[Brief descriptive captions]
|---|

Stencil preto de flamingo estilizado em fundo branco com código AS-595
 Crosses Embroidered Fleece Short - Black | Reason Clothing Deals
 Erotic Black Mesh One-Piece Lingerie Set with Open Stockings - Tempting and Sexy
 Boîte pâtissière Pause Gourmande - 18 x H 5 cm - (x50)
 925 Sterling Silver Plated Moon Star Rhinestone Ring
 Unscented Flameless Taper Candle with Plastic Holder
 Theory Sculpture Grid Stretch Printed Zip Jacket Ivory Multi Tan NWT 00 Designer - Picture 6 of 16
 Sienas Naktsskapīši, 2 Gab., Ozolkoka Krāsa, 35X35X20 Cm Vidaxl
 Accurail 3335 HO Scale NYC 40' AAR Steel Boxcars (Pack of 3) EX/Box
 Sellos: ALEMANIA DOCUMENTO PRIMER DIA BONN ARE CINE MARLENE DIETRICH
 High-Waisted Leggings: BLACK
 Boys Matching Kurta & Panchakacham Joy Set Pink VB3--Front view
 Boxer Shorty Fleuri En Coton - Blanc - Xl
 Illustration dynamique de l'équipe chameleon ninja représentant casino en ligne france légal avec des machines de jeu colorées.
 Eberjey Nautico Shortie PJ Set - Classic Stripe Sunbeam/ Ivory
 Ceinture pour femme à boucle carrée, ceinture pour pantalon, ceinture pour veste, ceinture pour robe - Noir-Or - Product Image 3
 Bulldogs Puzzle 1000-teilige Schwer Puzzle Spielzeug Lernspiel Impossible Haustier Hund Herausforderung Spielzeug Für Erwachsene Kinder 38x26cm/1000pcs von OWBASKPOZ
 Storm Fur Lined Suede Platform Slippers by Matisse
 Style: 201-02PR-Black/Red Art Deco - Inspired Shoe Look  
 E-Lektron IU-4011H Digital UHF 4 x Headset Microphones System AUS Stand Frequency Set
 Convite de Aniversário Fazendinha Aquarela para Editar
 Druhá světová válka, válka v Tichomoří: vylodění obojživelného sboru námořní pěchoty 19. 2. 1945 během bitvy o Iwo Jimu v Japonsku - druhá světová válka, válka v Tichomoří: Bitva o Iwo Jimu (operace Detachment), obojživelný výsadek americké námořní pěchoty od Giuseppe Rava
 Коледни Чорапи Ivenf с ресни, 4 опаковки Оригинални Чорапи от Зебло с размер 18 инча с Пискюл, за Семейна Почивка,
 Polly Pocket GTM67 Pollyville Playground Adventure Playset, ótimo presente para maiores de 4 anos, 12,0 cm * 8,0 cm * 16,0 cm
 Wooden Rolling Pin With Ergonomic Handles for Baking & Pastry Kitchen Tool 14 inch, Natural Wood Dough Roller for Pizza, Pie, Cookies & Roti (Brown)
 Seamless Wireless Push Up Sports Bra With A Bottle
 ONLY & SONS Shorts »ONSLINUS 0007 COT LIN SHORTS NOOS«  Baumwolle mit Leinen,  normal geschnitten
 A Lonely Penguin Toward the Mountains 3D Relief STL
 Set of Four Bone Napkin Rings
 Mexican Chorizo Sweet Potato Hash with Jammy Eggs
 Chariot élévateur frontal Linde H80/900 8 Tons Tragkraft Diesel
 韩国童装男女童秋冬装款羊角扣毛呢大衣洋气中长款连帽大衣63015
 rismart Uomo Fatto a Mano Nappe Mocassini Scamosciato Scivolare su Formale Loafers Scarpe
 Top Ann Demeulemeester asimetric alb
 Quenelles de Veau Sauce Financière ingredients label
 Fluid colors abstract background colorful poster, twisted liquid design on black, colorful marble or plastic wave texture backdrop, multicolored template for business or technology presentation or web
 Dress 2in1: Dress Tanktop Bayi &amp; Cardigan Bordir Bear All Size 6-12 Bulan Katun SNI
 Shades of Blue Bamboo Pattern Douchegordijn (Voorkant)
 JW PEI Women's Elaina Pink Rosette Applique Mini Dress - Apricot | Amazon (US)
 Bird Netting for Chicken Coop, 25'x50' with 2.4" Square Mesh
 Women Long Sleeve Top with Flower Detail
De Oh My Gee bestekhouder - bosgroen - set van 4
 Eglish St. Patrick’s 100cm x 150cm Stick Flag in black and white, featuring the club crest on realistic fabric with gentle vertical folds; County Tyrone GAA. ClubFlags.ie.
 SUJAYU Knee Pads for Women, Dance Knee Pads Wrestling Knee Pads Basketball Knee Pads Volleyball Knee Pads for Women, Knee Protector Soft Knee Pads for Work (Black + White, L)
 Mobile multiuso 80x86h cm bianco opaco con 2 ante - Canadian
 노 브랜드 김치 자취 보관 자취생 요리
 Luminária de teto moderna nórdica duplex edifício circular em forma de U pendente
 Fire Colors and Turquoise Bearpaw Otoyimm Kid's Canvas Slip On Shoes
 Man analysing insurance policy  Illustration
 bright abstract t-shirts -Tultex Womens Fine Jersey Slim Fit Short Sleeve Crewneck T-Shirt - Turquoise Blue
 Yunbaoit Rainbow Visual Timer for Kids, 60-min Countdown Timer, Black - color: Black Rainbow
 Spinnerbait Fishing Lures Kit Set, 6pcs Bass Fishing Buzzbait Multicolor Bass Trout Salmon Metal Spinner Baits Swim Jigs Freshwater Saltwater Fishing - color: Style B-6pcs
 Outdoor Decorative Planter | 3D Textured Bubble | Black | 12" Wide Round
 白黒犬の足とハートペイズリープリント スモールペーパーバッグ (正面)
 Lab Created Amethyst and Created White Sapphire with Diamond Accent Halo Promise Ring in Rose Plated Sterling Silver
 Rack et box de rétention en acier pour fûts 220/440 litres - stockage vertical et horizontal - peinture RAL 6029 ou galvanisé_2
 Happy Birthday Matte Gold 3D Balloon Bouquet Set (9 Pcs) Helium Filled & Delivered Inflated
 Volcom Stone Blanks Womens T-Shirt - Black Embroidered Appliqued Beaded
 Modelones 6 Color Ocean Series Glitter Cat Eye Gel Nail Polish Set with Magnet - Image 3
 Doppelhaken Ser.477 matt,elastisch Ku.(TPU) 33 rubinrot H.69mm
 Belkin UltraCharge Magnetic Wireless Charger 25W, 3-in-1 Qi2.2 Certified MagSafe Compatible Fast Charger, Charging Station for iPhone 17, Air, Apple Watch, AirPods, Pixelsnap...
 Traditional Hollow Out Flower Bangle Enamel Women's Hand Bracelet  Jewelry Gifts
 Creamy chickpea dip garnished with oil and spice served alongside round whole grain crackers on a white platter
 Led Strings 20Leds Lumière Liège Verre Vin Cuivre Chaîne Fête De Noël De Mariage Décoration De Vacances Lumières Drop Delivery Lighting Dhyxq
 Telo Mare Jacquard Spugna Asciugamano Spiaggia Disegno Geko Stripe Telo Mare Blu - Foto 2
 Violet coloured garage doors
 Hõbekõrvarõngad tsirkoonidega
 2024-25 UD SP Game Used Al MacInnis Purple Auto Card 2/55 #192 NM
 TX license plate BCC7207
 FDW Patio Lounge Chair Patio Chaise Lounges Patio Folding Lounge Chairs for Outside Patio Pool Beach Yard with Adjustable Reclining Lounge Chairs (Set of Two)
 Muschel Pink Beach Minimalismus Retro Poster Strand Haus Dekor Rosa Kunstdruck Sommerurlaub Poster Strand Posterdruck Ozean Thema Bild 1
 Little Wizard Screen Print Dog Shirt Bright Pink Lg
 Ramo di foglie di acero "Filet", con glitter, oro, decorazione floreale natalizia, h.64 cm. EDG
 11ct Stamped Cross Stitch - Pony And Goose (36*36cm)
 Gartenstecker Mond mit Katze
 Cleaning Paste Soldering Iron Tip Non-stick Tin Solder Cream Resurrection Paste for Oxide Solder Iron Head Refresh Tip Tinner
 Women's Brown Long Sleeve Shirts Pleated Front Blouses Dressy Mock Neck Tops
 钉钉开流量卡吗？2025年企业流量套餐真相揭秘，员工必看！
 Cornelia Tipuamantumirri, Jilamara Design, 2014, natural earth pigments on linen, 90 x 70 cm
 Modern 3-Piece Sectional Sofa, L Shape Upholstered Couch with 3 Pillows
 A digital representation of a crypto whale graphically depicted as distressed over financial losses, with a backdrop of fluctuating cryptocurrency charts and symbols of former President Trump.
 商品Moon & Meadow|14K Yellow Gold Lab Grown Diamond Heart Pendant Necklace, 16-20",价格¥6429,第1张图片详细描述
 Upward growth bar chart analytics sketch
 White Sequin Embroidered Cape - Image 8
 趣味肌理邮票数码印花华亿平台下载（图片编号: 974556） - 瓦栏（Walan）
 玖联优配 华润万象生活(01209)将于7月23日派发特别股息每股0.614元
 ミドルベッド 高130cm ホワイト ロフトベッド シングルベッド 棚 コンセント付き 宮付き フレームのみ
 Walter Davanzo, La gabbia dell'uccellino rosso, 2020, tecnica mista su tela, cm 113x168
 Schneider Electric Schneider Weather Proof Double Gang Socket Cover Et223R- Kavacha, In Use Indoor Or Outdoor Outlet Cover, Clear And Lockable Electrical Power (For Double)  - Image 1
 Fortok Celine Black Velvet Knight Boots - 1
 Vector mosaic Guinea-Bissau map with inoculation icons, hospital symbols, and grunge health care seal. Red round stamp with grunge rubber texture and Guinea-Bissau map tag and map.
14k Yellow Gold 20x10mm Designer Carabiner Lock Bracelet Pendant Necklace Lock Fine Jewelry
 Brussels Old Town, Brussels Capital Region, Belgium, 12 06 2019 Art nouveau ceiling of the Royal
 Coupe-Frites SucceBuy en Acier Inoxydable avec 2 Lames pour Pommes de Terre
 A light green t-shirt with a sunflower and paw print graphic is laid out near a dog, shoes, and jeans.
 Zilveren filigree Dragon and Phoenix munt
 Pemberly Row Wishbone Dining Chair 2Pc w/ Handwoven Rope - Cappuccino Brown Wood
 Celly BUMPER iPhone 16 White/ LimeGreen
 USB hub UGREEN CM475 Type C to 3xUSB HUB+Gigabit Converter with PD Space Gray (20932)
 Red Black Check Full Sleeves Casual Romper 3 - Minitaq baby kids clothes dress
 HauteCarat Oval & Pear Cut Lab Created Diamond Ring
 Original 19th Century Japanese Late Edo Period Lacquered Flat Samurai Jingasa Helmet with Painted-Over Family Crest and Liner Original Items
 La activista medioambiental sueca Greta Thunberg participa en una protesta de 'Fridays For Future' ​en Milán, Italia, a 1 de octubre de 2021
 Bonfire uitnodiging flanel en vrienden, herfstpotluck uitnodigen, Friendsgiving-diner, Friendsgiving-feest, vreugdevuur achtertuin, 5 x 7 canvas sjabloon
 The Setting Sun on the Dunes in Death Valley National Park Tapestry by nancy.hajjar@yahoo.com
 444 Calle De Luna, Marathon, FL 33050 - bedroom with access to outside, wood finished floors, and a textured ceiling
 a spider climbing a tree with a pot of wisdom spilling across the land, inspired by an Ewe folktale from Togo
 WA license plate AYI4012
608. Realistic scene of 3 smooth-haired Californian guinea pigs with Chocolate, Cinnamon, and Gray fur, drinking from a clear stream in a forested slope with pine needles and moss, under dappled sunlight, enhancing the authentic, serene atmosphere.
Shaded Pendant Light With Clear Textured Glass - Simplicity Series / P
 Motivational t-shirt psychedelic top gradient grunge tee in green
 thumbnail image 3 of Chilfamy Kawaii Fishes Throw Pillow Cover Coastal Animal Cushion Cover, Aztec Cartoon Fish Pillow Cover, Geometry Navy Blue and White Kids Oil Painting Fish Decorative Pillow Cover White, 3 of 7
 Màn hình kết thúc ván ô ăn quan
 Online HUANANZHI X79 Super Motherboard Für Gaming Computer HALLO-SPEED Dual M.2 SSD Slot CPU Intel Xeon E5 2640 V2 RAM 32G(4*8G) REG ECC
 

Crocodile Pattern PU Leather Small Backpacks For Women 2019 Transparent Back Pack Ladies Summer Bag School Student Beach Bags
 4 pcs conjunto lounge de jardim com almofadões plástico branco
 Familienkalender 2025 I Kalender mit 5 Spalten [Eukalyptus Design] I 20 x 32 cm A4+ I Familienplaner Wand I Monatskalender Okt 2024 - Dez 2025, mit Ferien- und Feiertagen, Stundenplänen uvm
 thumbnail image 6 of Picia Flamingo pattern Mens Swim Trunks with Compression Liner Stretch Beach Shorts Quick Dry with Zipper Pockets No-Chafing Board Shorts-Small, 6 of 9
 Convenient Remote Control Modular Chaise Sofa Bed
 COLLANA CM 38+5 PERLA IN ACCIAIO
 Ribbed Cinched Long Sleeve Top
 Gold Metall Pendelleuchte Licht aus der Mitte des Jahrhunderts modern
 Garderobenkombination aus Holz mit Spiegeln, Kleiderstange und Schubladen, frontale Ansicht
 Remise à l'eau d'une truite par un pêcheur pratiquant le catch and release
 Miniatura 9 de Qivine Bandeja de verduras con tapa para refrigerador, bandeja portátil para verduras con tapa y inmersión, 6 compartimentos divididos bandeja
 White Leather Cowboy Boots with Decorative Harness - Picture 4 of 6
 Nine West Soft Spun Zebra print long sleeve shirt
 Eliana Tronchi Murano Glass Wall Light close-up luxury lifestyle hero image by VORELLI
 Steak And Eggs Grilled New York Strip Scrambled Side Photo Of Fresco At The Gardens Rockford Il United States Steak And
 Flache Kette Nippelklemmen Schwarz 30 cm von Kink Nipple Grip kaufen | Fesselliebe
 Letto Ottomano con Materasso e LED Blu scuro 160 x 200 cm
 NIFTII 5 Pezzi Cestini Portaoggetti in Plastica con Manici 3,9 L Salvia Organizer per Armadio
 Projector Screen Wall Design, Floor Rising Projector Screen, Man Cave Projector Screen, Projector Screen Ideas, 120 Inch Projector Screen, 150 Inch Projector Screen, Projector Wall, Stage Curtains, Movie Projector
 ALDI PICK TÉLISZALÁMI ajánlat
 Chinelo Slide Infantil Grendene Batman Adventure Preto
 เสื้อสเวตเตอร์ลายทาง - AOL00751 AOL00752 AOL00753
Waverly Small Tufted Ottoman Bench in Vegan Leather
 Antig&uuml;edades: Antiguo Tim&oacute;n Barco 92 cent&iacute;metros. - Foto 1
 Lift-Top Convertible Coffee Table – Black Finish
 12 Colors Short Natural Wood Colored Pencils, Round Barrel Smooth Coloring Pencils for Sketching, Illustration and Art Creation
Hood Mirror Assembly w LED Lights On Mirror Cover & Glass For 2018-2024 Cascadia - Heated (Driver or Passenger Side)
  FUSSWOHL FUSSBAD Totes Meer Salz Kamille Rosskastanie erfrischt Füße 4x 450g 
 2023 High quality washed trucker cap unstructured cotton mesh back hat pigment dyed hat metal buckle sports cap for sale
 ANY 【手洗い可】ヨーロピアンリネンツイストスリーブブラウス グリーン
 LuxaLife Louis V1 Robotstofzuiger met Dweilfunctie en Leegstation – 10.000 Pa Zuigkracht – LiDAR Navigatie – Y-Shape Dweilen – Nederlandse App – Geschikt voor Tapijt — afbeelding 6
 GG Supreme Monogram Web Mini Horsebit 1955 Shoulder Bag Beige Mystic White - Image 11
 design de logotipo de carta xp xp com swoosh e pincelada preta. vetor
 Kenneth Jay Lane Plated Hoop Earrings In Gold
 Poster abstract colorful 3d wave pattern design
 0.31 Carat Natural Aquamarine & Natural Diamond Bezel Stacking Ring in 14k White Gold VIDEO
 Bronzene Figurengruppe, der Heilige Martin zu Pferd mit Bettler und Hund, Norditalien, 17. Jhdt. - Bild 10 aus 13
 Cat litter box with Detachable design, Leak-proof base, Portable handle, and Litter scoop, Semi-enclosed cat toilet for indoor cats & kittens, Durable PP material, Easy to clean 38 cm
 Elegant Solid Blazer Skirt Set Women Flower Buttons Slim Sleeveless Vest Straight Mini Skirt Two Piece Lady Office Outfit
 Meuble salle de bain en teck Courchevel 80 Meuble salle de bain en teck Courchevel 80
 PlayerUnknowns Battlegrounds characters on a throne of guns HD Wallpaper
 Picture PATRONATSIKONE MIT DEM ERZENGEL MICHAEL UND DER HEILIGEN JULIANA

|---|

What to work on
Which lines above run from the one containing "Illustration dynamique de" down to the one containing "Convite de Aniversário"? Repeat exactly those, both ends included, and nothing else.

Response
 Illustration dynamique de l'équipe chameleon ninja représentant casino en ligne france légal avec des machines de jeu colorées.
 Eberjey Nautico Shortie PJ Set - Classic Stripe Sunbeam/ Ivory
 Ceinture pour femme à boucle carrée, ceinture pour pantalon, ceinture pour veste, ceinture pour robe - Noir-Or - Product Image 3
 Bulldogs Puzzle 1000-teilige Schwer Puzzle Spielzeug Lernspiel Impossible Haustier Hund Herausforderung Spielzeug Für Erwachsene Kinder 38x26cm/1000pcs von OWBASKPOZ
 Storm Fur Lined Suede Platform Slippers by Matisse
 Style: 201-02PR-Black/Red Art Deco - Inspired Shoe Look  
 E-Lektron IU-4011H Digital UHF 4 x Headset Microphones System AUS Stand Frequency Set
 Convite de Aniversário Fazendinha Aquarela para Editar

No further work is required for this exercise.